**What you should do**.
Would you give the entries again word for word, with no pictures in the copy?

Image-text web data

┌──

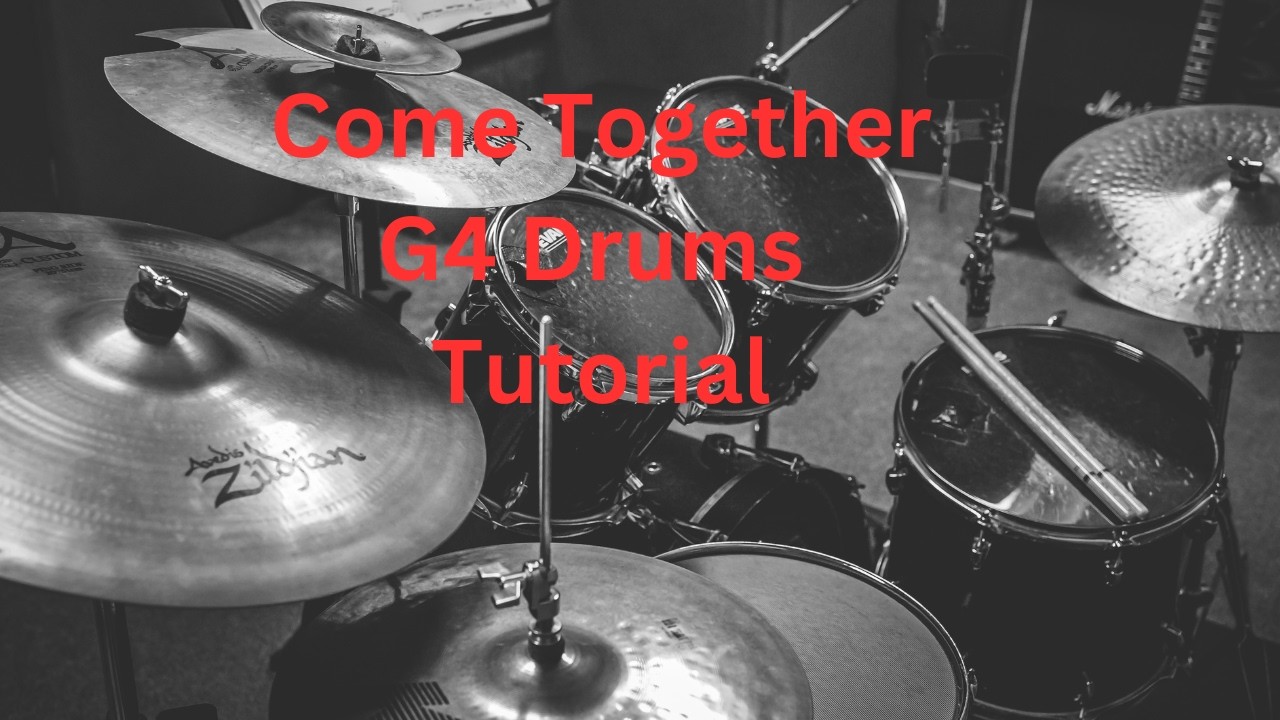 Come Together – The Beatles | Grade 4 Rock & Pop Drum Lesson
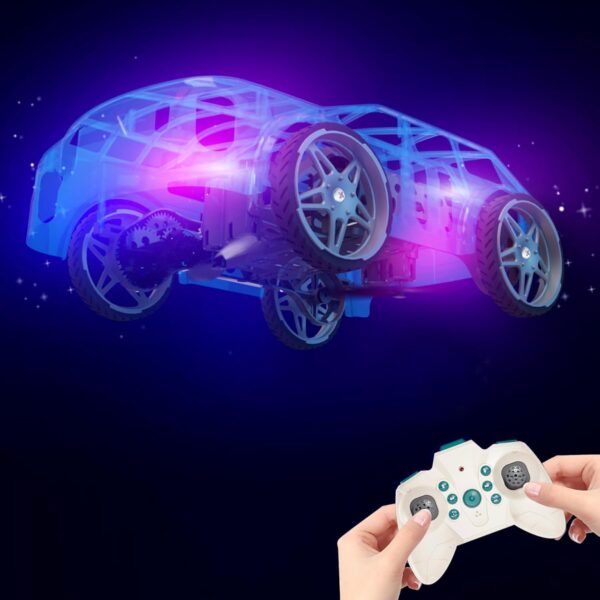 New Remote Control Dual Mode Land and Flight Drone Toy 30 Meters Distance 2 in 1 RC Drone Car Mini RC Drone & Flying Car - Image 8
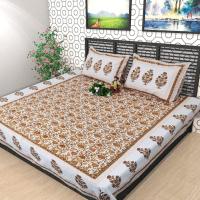 Printed Jaipuri Bed Sheets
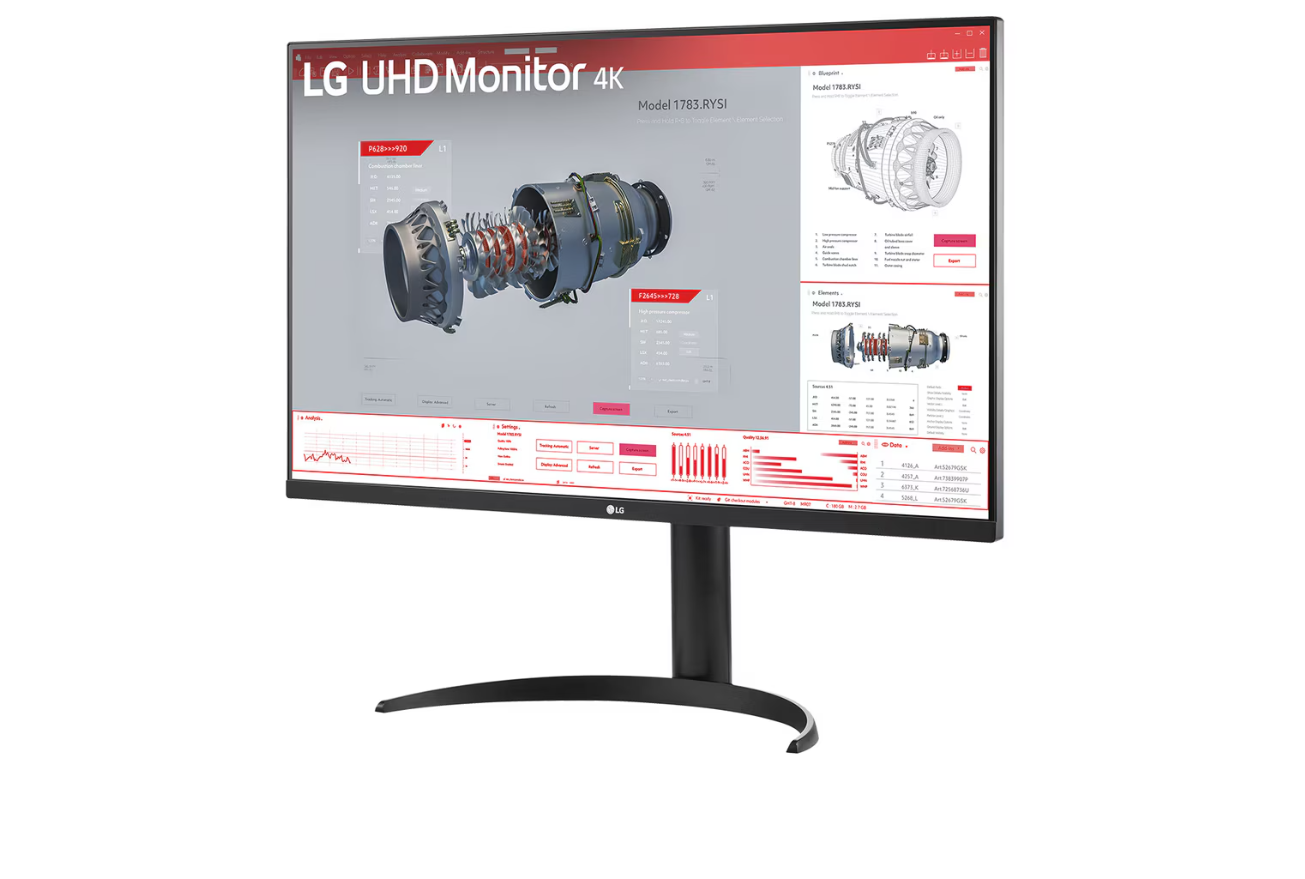 LG 32BR55UK 31.5'' UHD 4K HDR MONITOR WITH USB TYPE-C™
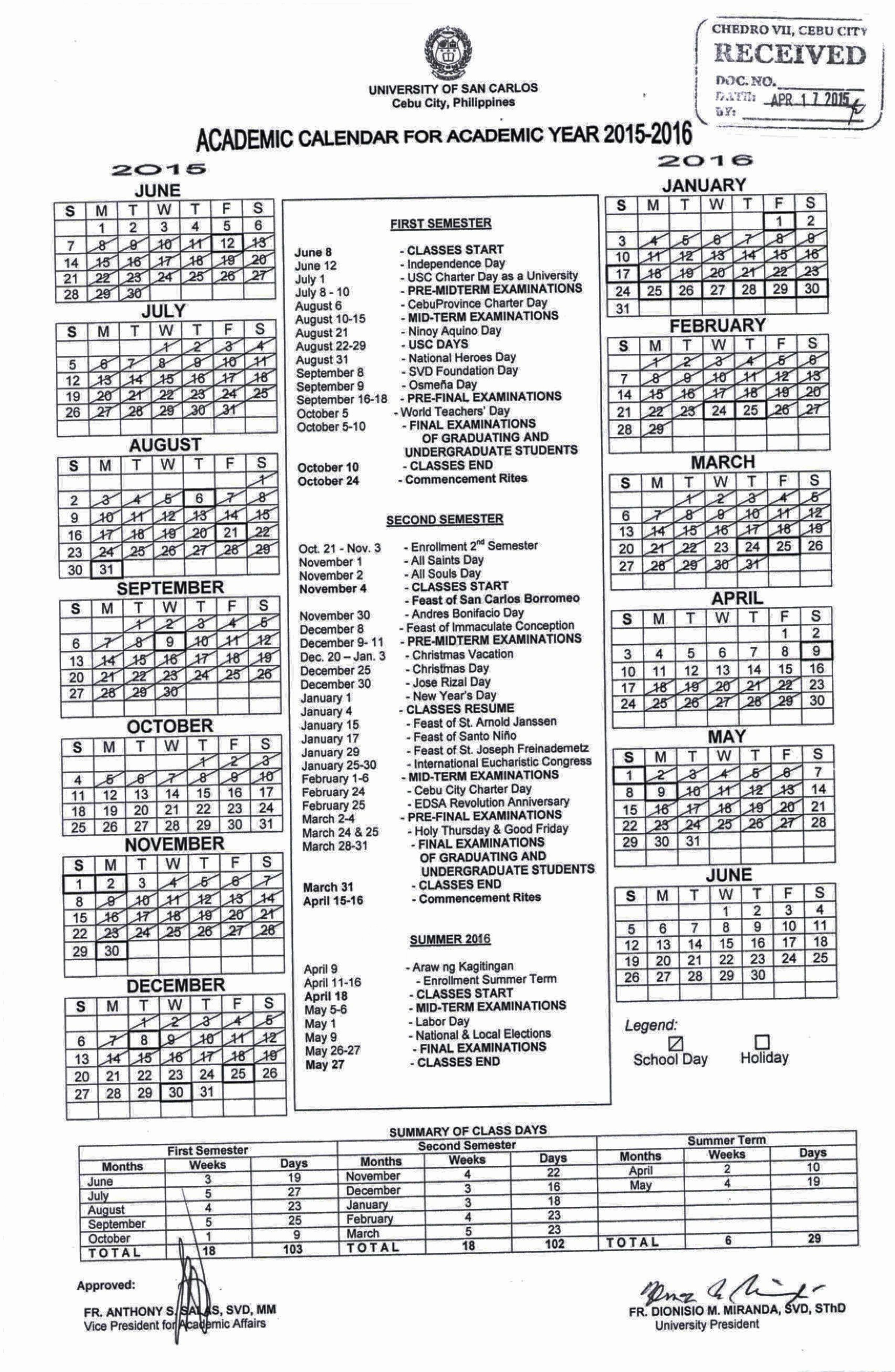 uw madison break schedule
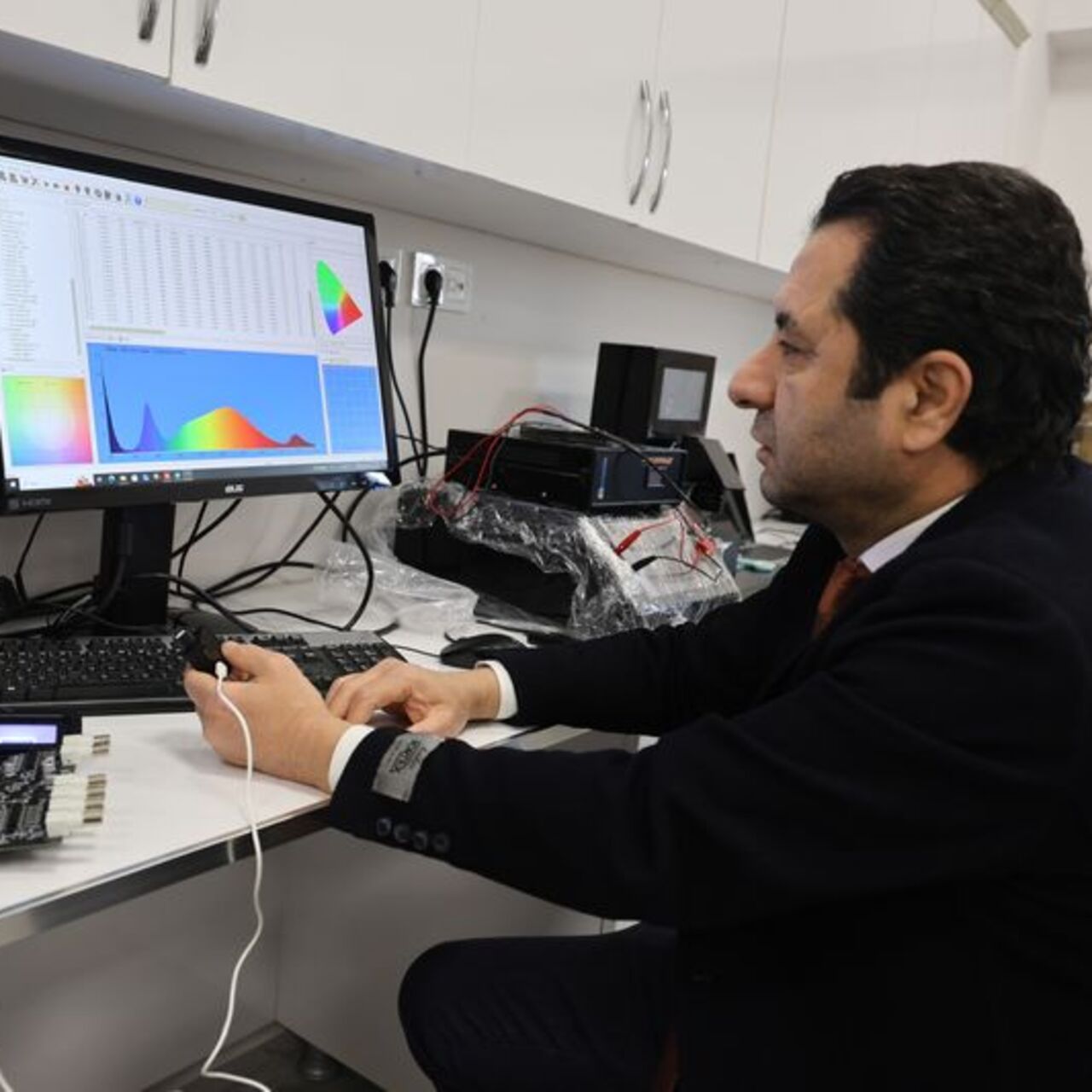 Türk profesör sarılık tedavisi için fotonik sistem geliştirdi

└──

**Answer section**.
 Come Together – The Beatles | Grade 4 Rock & Pop Drum Lesson
 New Remote Control Dual Mode Land and Flight Drone Toy 30 Meters Distance 2 in 1 RC Drone Car Mini RC Drone & Flying Car - Image 8
 Printed Jaipuri Bed Sheets
 LG 32BR55UK 31.5'' UHD 4K HDR MONITOR WITH USB TYPE-C™
 uw madison break schedule
 Türk profesör sarılık tedavisi için fotonik sistem geliştirdi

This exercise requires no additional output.